A theory about why resveratrol is protective in humans and animals is that our genes

respond to plant defensive chemicals in a beneficial way.  This is thought to be because plantings of native muscadine grapes, also known as scuppernongs, are relatively

pest resistant and thrive in the hot, sandy conditions of the coastal

region. The coastal climate necessitates resistance to disease, viruses,

bacteria, pests and mold. The plant’s adaptation to these conditions

has developed unique properties that have significant health benefits

for those who consume the muscadine grape.
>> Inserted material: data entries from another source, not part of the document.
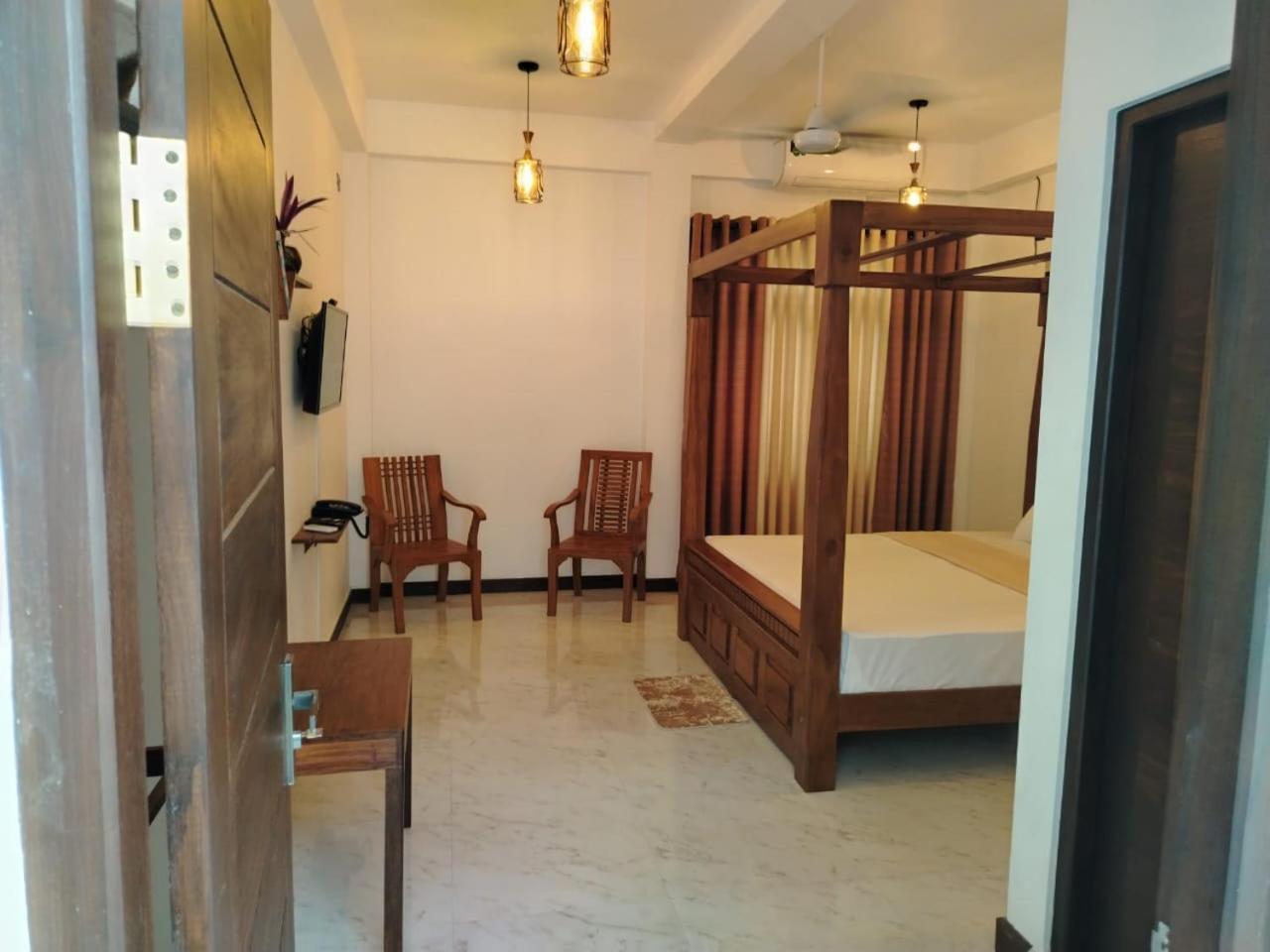 Diora Hotel Ratnapura Kültér fotó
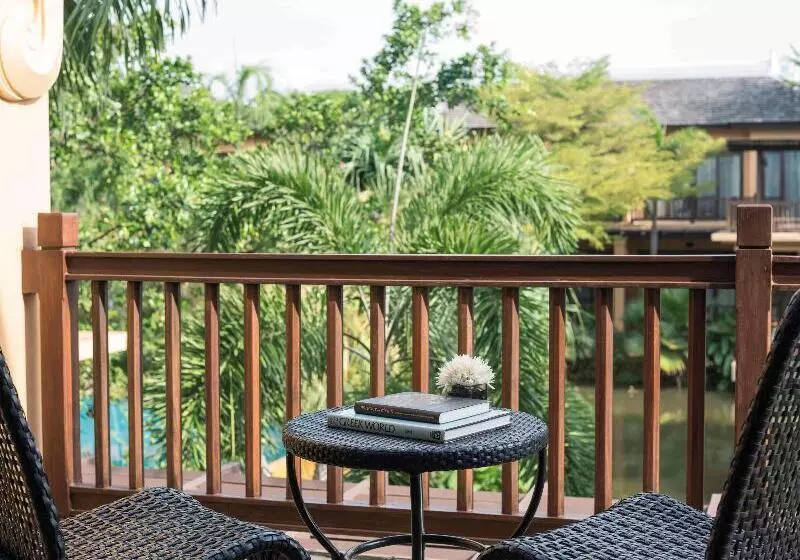 سوئیت جونیور با تخت بزرگ, Mövenpick Asara Resort & Spa Hua Hin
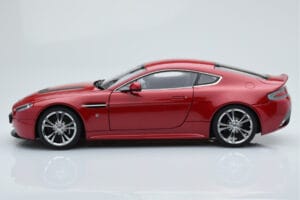 Aston Martin V12 Vantage Rouge AUTOart 1:18 70208 Métal — image 4 sur 8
Muscadine grapes are fat free, high in fiber and they are high in

antioxidants, especially ellagic acid and resveratrol. Ellagic acid has

demonstrated anticarcinogenic properties in the colon, lungs and

liver of mice. Resveratrol is also reported to lower cholesterol levels and

the risk of coronary heart disease.

So whether you have a glass of red wine with dinner, or snack on a “scuppernong” between meals, remember – the muscadine grape has benefits that will help you live a healthier, leaner and longer life. To your health!